Михаил Эпштейн  – философ, культуролог, литературовед, лингвист, эссеист, автор более 40 книг и 800 статей, переведенных на десятки языков мира. Он пишет на русском и английском языках, его работы публиковались в ведущих научных журналах России и США. Не исключено, что популярность Михаила Эпштейна связана не только с глубокими идеями, которые он высказывает в своих книгах и статьях, но с необыкновенно живым и образным языком, которым они написаны и который выделяет его труды из потока сухих научных текстов, нередко слишком сложных для восприятия широкой публики. Михаил Эпштейн выступил инициатором конкурсов "Слово года" и "Неологизм год", которые проводятся в России с 2007 года. Среди книг Эпштейна – "Релятивистские модели в тоталитарном мышлении" (1991), "Великая Совь" (1994) – o тотемических основах тоталитарного общества, "Транскультурные эксперименты: Российская и американская модели творческой коммуникации" (1999), "Новое сектантство" (1993), "Религия после атеизма. Новые возможности теологии" (2013), "Проективный философский словарь" (2003, 2020). Книга 2016 года "От совка к бобку. Политика на грани гротеска" пытается ответить на вопрос о корнях противостояния России с Западом.

В своей новой книге Эпштейн утверждает:

"В результате всех тысячелетних метаморфоз возникло пространство для "идеального шторма", пустая воронка размером с самую большую страну мира, которая пытается втянуть в себя все, что ее окружает, и определяется не сама из себя, а лишь тем, чему она противостоит".

Объясняя название книги, Эпштейн приводит цитату из известного труда Дмитрия Лихачева, Александра Панченко и Наталии Понырко "Смех в Древней Руси" (1984): "…Антимир – это также и несамостоятельный мир.
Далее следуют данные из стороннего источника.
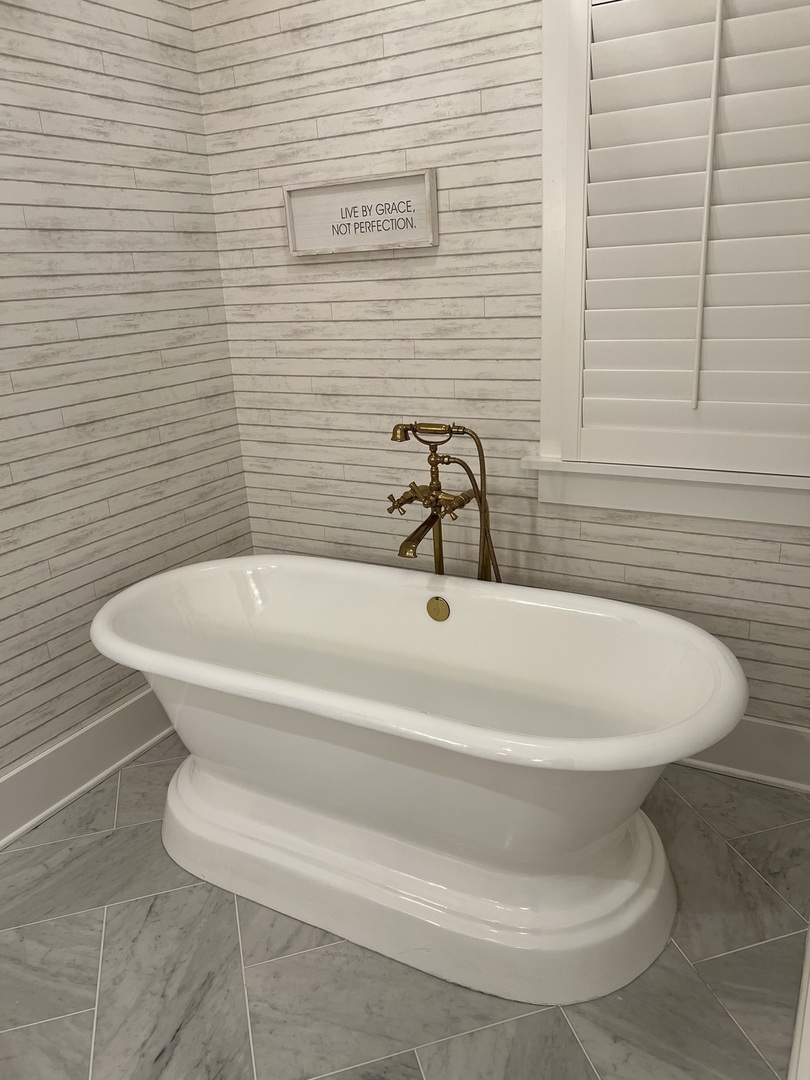 90 East Woodland Road Lake Forest, IL 60045 - Photo 29 of 40 a white bath tub sitting in a bathroom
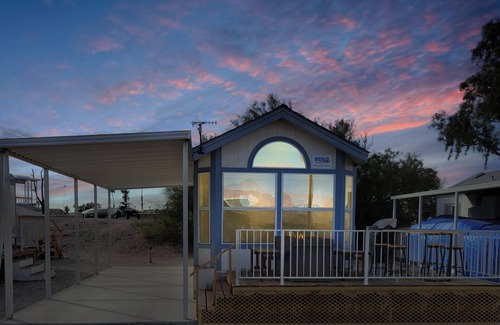 Lake Havasu City Cottage | Updated Cottage in Lake-Front Community with Boat Ramp & Docks-Best Location!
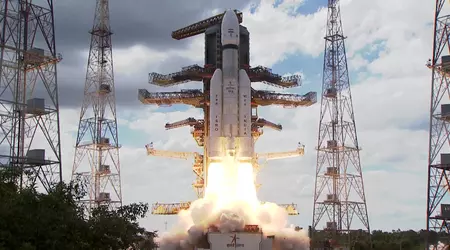 India har skutt opp en GSLV Mk III-rakett til månen med romfartøyet Chandrayaan-3 og roveren Pragyan, som skal lande i slutten av august.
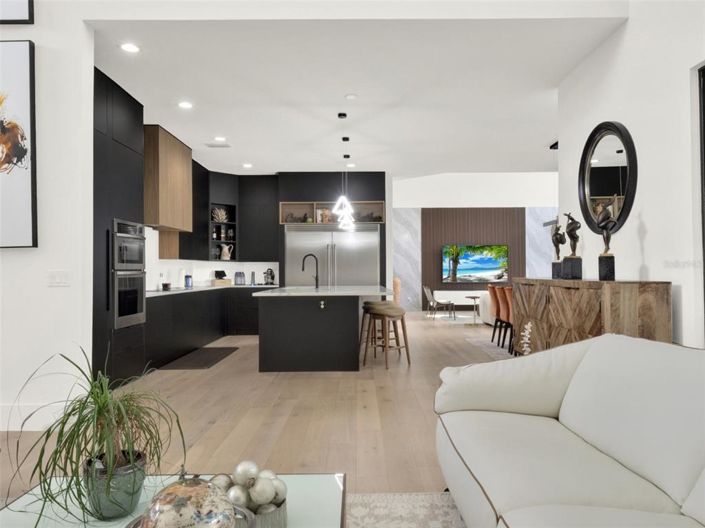 Image No.5-5 Bed Property for sale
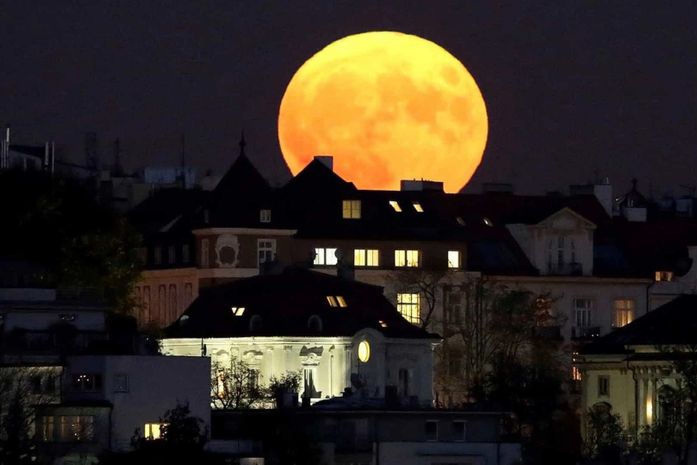 Maior 'Superlua' de 2019 iluminará céu nesta terça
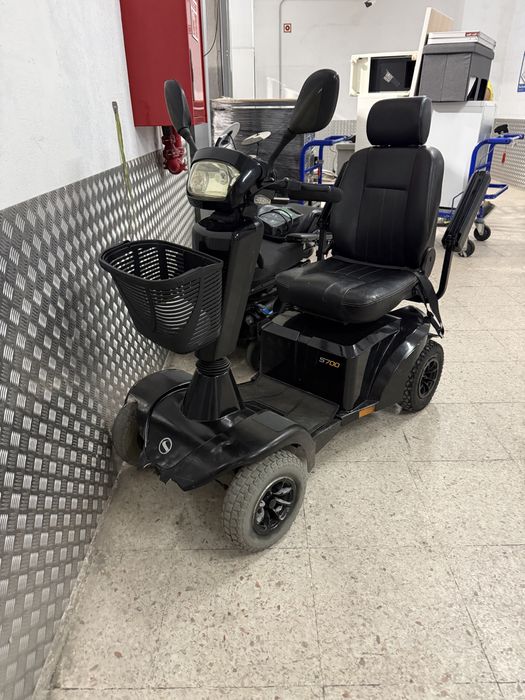 Scooter de mobilidade reduzia max 160 kg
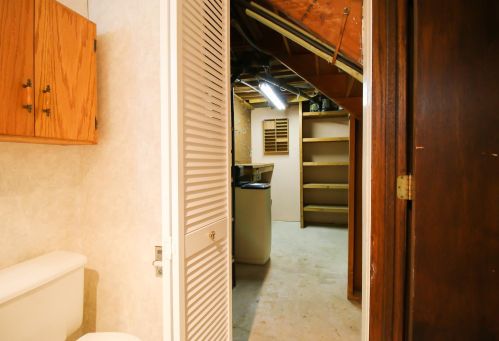 1005 14th St, Willmar MN  56201-2928 exterior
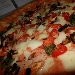 08/10 - 8� Tappa di Pizzarelle a Go Go - Pizzeria Tutino - Napoli - Pizzarella con salsa rosa, cotto, melanzane, fior di latte, pomodorini del Vesuvio, preparata da Carmine Anzaloni - -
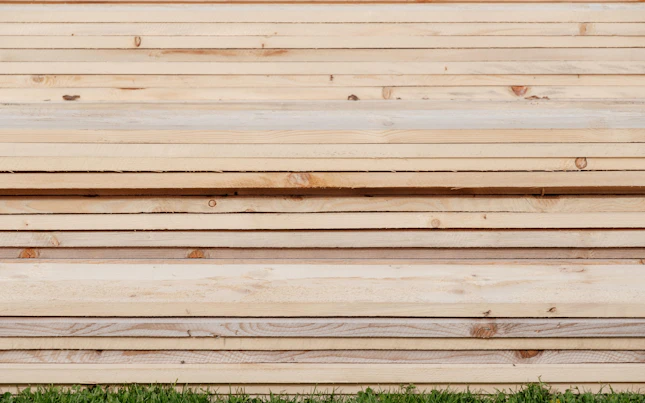 Planchas de madera sobre césped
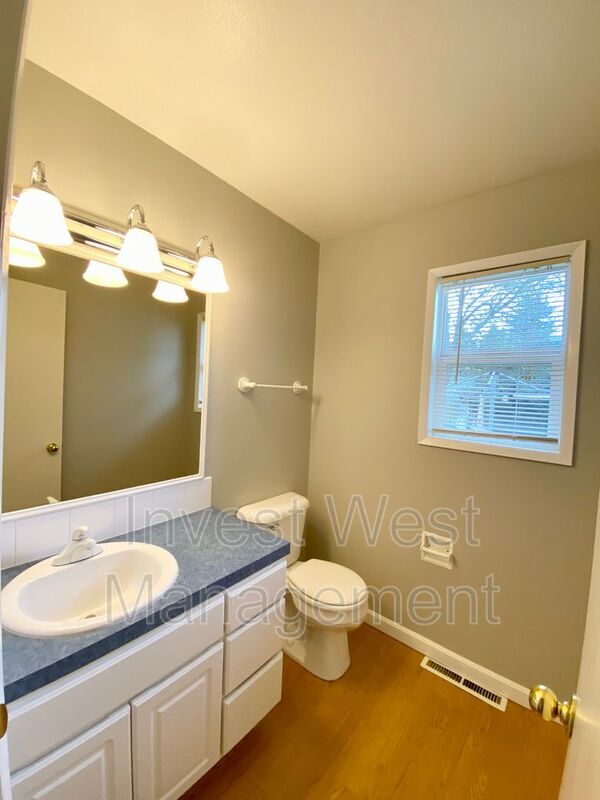Building Photo - 6224 NW Dogwood Dr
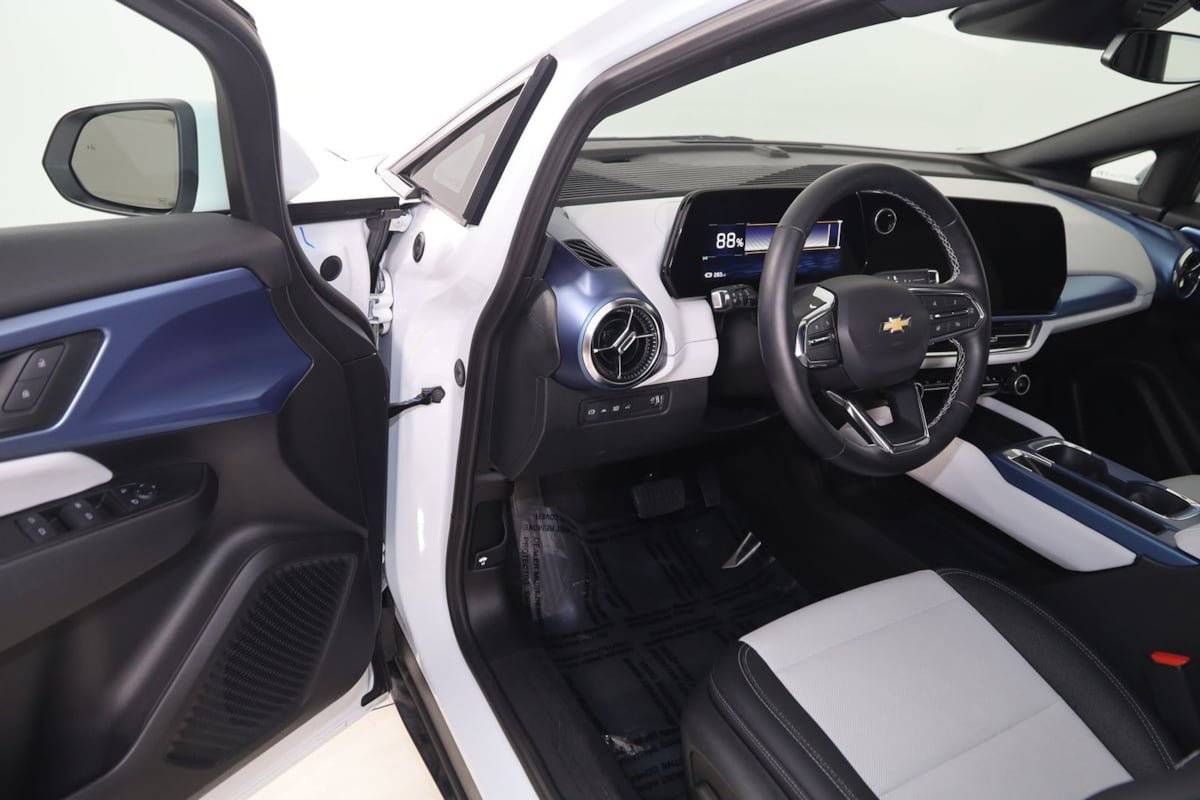 Used 2025 Chevrolet Equinox EV LT FWD image 49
Он не может создать сам по себе замкнутую, внутренне уравновешенную систему. Это только теневой мир".

Концепция России как антимира начала формироваться у Михаила Эпштейна после грузинских событий 2008 года.

– Тогда началось саморазрушение России: тот антимир, который складывался в ней столетиями, вдруг резко проявился и, в конечном счете, возобладал. После августа 2008 года само слово "Россия" впервые на моей памяти стало звучать неловко, осудительно – даже в советские годы такого не было, тем более в два первых послесоветских десятилетия, когда с Россией связывали надежды на укрепление демократии во всем мире. Но в 2010-е годы все изменилось: время в России стало не только замедляться, но и поворачивать вспять, это было десятилетие исторических реконструкций. Еще в 2021 году я собирался озаглавить сборник своих текстов о современности "Двуликий Хронос", предполагая, что время, как маятник, раскачивается в обе стороны. А 24 февраля 2022-го стало понятно, что время уже превратилось в антивремя  – один из параметров антимира . У меня были, конечно, мрачные предчувствия, но что Россия так откровенно выйдет из подполья, переступит все границы, начнет навязывать миру "глупую волю" подпольного человека, – это было потрясением.

То есть вас подтолкнуло к написанию этой книги именно "исполнение времен" – последние зловещие события?

– Многие понятия и термины, которые я стал использовать с 2014 года, например, "шизофашизм", тогда еще не определились в полную меру. А 2022 год наполнил реальностью и такие кошмарные, как некрократия  (власть смерти) и онтоцид  (убийство бытия). В конце книги есть словарь антимира, около 30 понятий. Все они с безумной скоростью вдруг обрели конкретный и страшный смысл.